Phase 2: I focused  on my abilities instead of my appearance. As soon as I set goals that had nothing to do with the way I looked, other things, like my abilities, started taking their place on my priority list.

Phase 3: I stopped thinking about what other people are thinking about. To some my thighs might be too big, and I definitely have cellulite. These things are mine for life, so we’re going to get along.

Phase 4: I did things for my health. Because at the end of the day, being healthy is important to me. So now when I do cardio, my motivation is health rather than calorie burn.

Phase 5: I approached food with balance. I stopped labeling foods as “bad” or off-limits, and I do my best to give my body what my body needs: micronutrients, protein, fuel, wine, and ice cream.

Phase 6: I practice and repeat. Because you don’t just have to try on day one. These mental changes don’t happen overnight, and every day presents its own challenges. I still slip back into old thought patterns, but now it’s much easier to remind myself how I got here.
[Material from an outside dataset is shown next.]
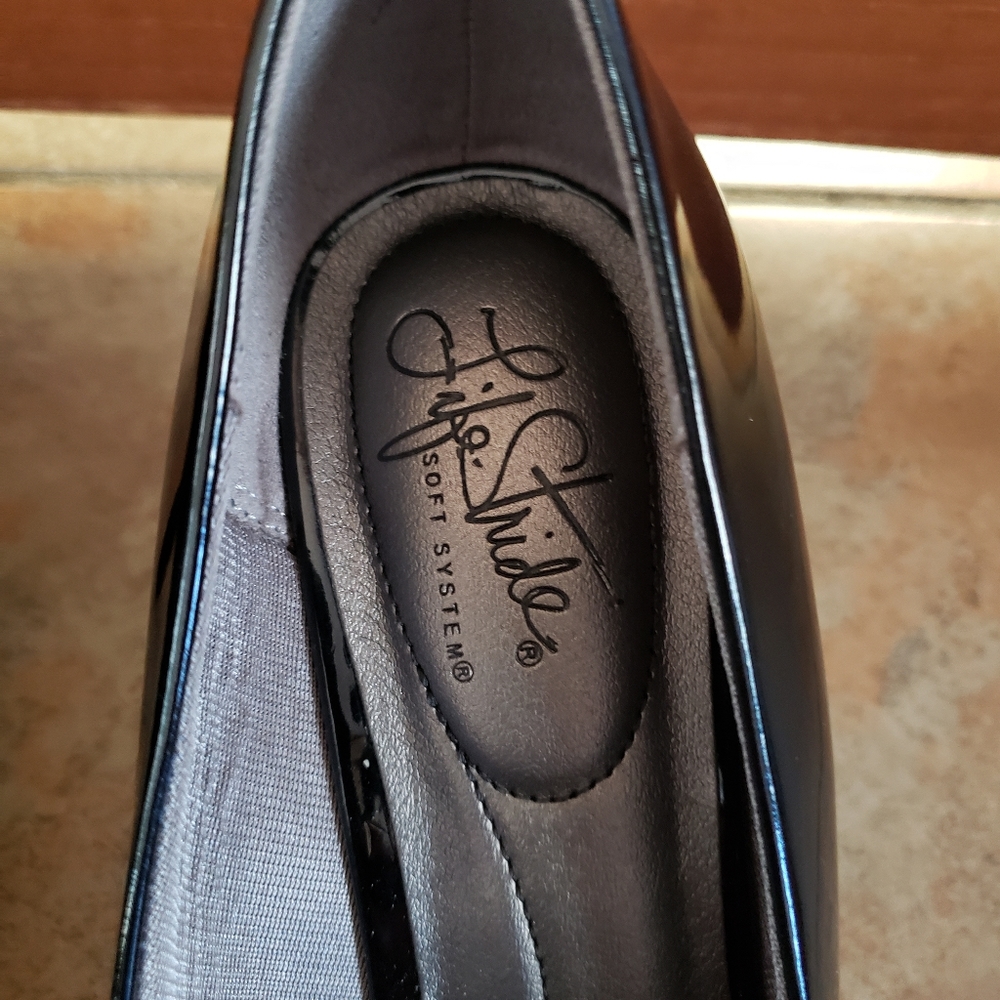 Lifestride Black Patent Leather Heels - Picture 3 of 7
I’m not going to say that I’m never critical of my body anymore because that’s a hard habit to kick. But the words towards myself have gotten kinder and I remember that the way I look will eternally be the least fascinating thing about me. I know my own worth and I know it’s not found in the amount of body fat I do or don’t have. I love myself so I take care of myself. I am no longer flooded with feelings of inadequacy because of how I look that day. For the first time in my life I am truly satisfied.